▸ PROBLEM
Further down are entries; set down exactly and only the lines from the one with "Berlin, Deutschland - 6." up to and including the one with "Fashionable Tote Bag for Women .", dropping each picture.

▸ INPUT DATA
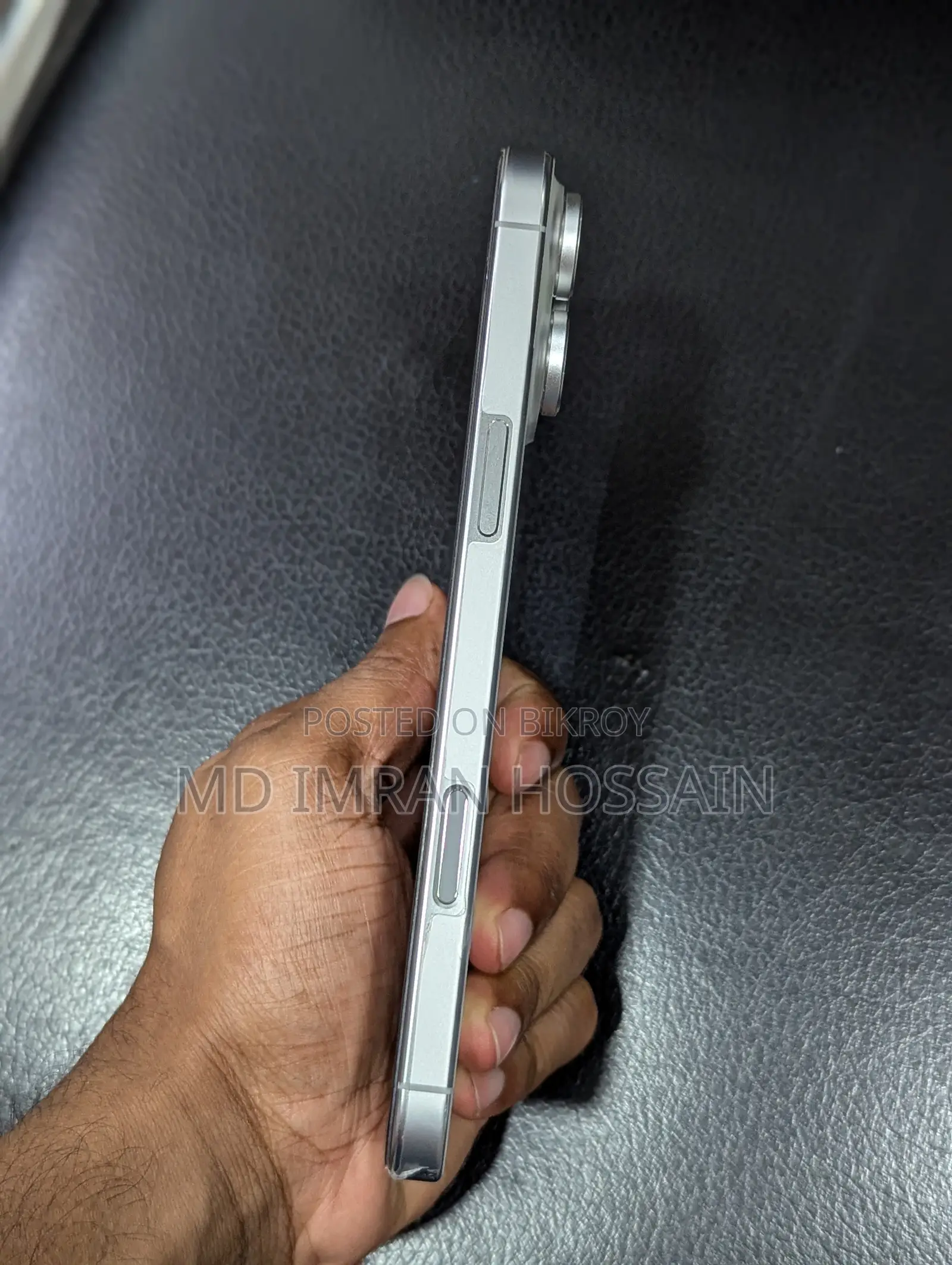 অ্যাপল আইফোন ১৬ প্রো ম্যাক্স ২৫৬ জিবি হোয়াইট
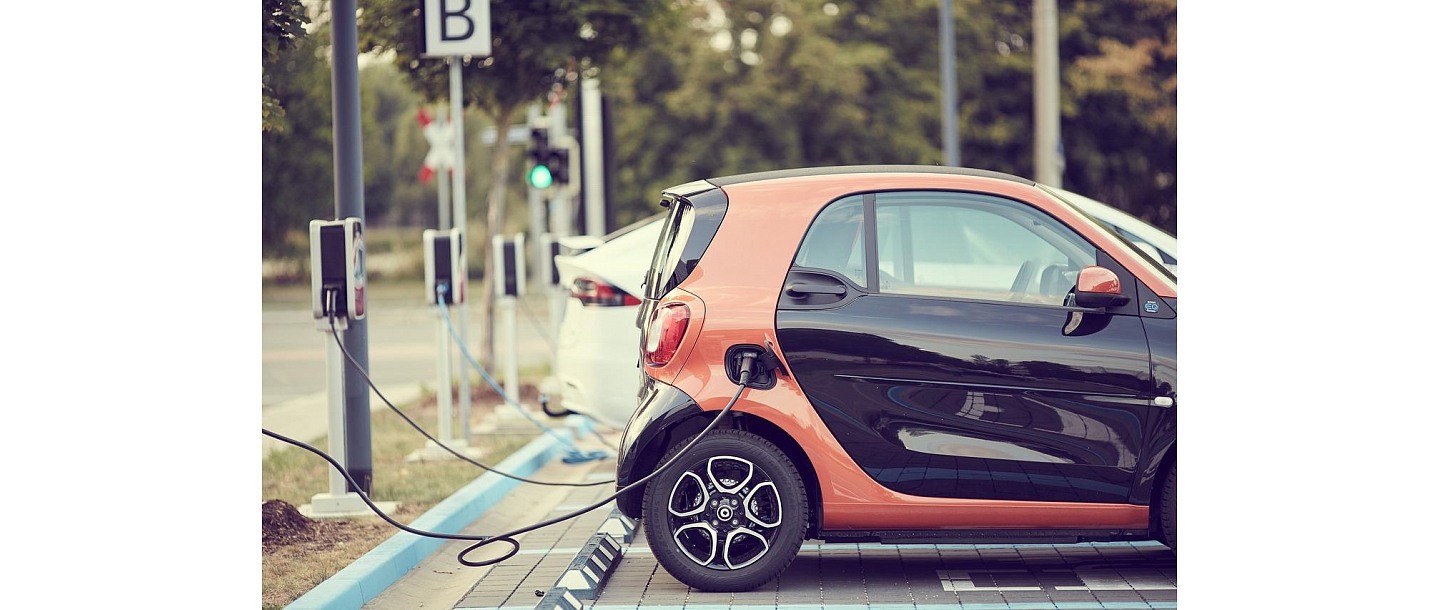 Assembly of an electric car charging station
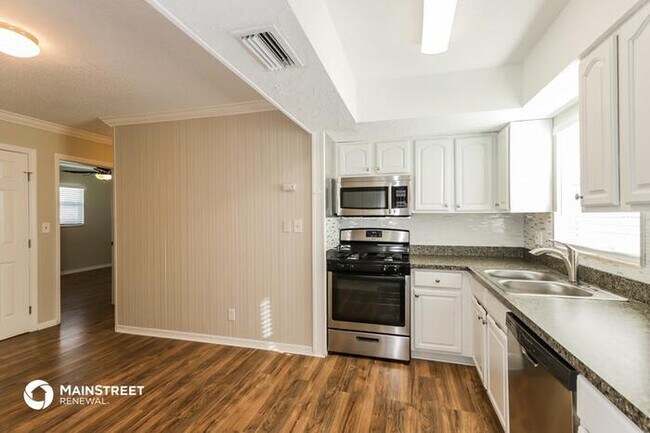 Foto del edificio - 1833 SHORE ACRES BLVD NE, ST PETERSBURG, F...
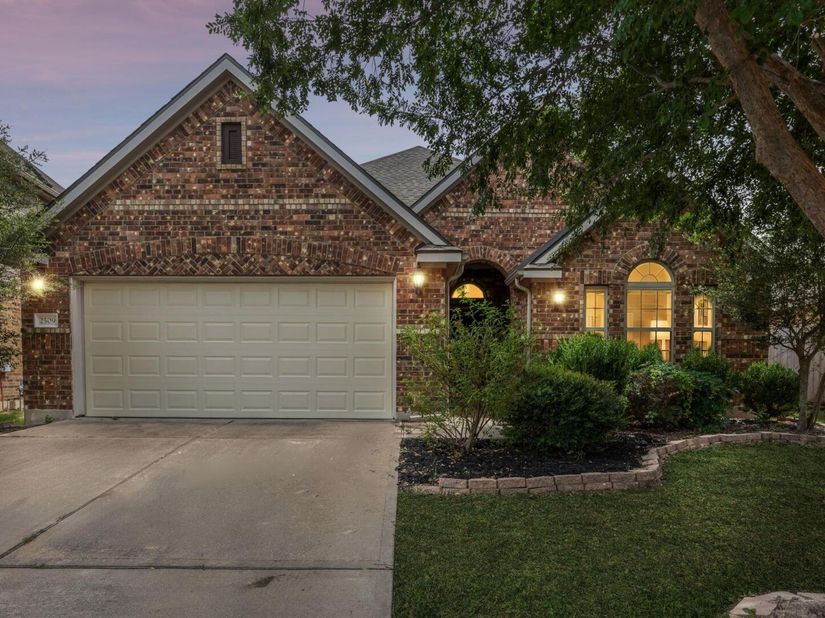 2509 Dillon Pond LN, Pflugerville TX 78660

--

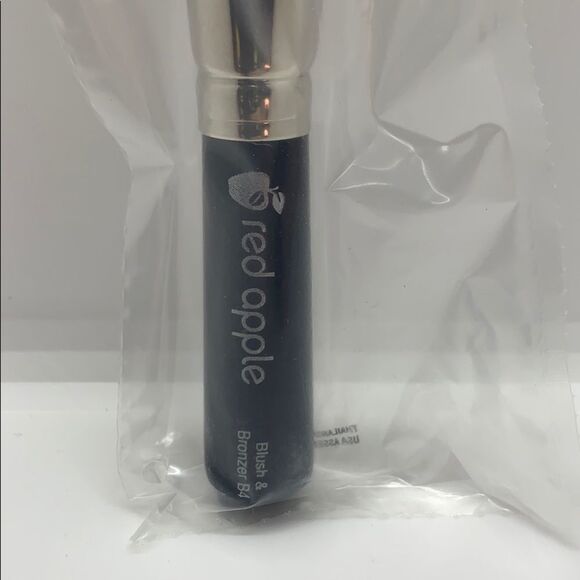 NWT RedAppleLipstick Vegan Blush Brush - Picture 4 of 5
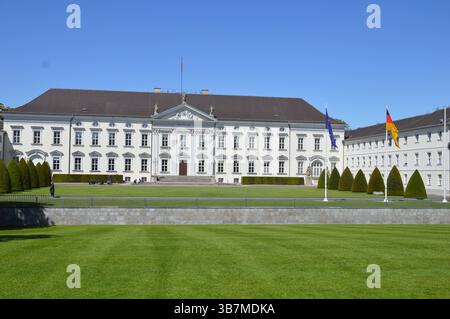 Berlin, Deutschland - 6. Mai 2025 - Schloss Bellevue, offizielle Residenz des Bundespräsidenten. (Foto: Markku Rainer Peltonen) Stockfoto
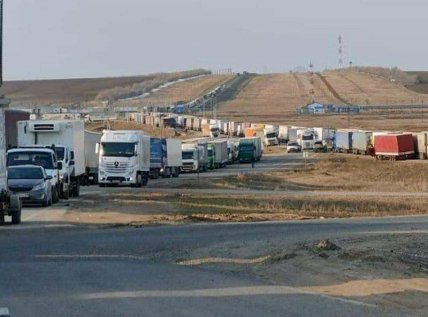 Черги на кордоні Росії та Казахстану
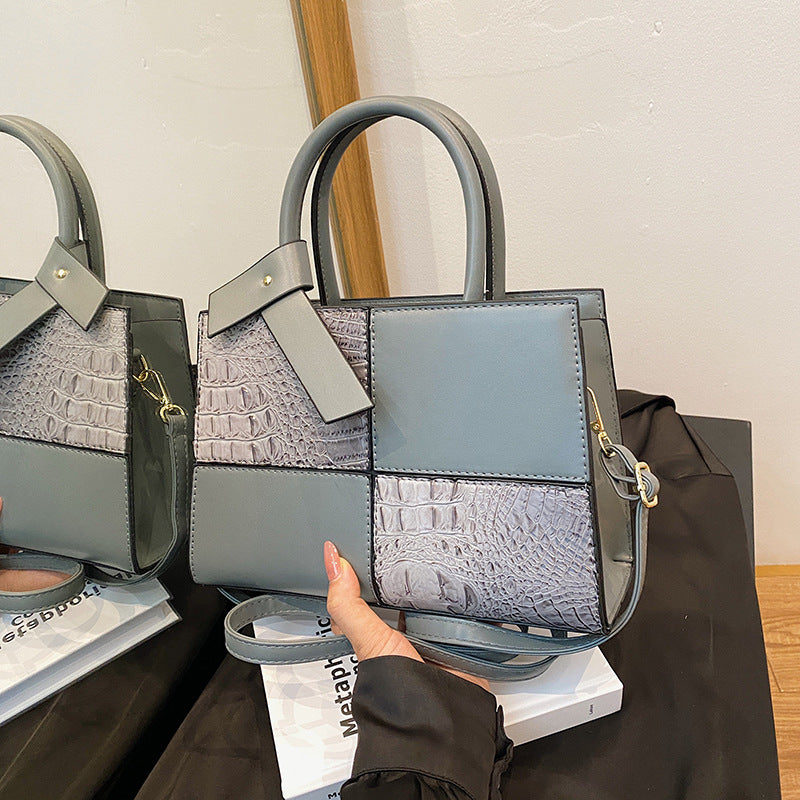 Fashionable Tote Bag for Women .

▸ RESULT
 Berlin, Deutschland - 6. Mai 2025 - Schloss Bellevue, offizielle Residenz des Bundespräsidenten. (Foto: Markku Rainer Peltonen) Stockfoto
 Черги на кордоні Росії та Казахстану
 Fashionable Tote Bag for Women .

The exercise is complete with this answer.